It's not implemented in the patch series code, but included as an idea
in the cover letter, and the discussion above convinced me it should be
required. The discussion here assumes that is part of the design.

> >> On write, use a 'mv' to swap our .lock file with whatever level we are
>> merging, THEN can unlink() the higher layers in decreasing order. (This
>> "mv-then-unlink" order is different than what is implemented by this
>> series, but is enabled by the chunk containing the base graph hash.)
> 
> So one of the things that make me paranoid about this (as noted
> upthread/earlier) is that at least on POSIX filesystems just because you
> observe that you create and fsync "foo" and "bar" in that order doesn't
> mean that a concurrent reader of that directory will get the updates in
> that order. I.e. file update != dir entry update.

How far apart can these concurrency issues happen in the file system?
One benefit to Option 0 is that there is only one file _write_ that matters.
The other options require at least two writes.

> It can be made to work, and core.fsyncObjectFiles is a partial solution,
> but better to avoid it entirely. Also the failure with
> core.fsyncObjectFiles is much more graceful, since in that case we don't
> have a "deadbeef[...]" loose object *yet* but will (presumably) see the
> *right* thing Real Soon Now since it's content-addressable, whereas with
> this design we might see the *wrong* thing. So this would be the first
> area of git (that I know of) where we'd be sensitive to a combination of
> syncing dir entries and file content in order.
> 
>> Option 1 (needs format v2): commit-graph -> graph-{hash}.graph
>> --------------------------------------------------------------
>>
>> On read, we load the 'info/commit-graph' file and inspect the byte saying
>> how many base files we have. We load their hashes from the base file chunk
>> and read 'info/graph-{hash}.graph' for each.
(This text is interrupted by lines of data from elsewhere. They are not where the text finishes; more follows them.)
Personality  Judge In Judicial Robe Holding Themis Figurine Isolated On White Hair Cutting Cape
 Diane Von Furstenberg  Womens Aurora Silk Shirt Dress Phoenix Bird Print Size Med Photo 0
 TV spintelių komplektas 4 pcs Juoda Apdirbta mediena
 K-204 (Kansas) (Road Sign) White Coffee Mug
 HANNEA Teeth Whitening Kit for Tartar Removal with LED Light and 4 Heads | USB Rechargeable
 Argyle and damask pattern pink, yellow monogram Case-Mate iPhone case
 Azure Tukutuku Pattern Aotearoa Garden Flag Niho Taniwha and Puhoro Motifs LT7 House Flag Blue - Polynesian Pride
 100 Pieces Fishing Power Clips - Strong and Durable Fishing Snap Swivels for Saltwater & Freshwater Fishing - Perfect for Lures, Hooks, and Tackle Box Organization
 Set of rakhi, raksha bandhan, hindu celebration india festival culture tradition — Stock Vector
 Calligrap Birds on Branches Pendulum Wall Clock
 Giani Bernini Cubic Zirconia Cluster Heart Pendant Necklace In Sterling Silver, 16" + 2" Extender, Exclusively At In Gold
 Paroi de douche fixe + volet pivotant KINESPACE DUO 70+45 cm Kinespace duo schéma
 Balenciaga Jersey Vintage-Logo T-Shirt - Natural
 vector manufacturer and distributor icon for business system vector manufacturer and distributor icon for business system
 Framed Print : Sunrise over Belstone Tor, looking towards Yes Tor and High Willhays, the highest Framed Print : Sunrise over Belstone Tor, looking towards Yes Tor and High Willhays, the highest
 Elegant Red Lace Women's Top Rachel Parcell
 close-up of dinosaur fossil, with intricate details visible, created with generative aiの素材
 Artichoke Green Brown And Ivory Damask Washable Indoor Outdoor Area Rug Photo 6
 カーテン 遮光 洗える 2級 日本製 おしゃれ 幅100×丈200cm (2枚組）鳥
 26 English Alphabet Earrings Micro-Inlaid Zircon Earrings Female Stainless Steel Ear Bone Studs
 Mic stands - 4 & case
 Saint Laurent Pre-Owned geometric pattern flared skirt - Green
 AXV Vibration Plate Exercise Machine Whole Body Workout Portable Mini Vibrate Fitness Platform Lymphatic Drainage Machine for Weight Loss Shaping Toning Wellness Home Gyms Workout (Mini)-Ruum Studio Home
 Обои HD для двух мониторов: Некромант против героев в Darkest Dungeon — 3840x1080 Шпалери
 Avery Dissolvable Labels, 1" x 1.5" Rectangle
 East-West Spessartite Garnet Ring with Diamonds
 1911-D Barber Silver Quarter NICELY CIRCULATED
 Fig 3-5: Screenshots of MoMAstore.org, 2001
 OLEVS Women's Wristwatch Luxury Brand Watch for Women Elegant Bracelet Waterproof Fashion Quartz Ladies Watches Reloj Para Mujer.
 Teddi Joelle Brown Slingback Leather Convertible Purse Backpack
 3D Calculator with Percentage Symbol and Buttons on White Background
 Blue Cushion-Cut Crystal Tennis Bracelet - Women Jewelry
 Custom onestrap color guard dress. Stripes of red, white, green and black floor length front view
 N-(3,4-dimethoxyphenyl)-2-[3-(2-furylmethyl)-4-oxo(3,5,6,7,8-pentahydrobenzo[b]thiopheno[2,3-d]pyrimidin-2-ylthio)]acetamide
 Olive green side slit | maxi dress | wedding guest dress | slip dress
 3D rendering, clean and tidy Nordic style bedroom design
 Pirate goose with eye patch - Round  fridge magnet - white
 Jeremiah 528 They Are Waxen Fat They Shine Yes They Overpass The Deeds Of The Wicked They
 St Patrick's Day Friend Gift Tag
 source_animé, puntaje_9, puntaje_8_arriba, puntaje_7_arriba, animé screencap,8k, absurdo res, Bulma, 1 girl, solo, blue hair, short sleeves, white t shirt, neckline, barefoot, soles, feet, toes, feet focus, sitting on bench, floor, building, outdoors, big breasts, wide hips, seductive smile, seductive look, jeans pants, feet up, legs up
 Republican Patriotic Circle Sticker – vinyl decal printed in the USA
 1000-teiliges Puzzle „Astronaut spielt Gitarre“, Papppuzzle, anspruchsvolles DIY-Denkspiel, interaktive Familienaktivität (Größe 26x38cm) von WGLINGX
If _any_ fail, then we need
>> to ignore anything "above" the failure in the chain (and specifically this
>> includes the 'commit-graph' file), or consider reloading the commit-graph
>> file altogether and hope it works this time. [Note: if an older version
>> of Git doesn't understand the incremental file format, it will fail to
>> properly understand the graph positions and either fail with an
>> "invalid parent position" error, or worse give garbage results.]
> 
> Right, except as noted before I'd add (at least per my understanding so
> far) "s/needs format v2//". I.e. we could stick this data in new v1
> backwards-compatible chunks, which also addresses the "older version..."
> caveat.
> 
> I.e. we'd always guarantee that the "commit-graph" file was
> understandable/valid for older versions (even though eventually their
> view on it would be "oh, this has no data" (but really it's all in a new
> chunk they don't grok).

I see. Something that I gather from your paragraph above but cannot find
written explicitly anywhere is "write a commit-graph with zero commits,
and it contains extra information that we can use to find the rest of the
commits." In essence, the entire purpose of the file would be to contain
the information of the 'commit-graphs/info' file from Option 2. It would
mean we don't need to "copy then move" because the tip commit-graph file
has no content to persist (except for the first incremental write).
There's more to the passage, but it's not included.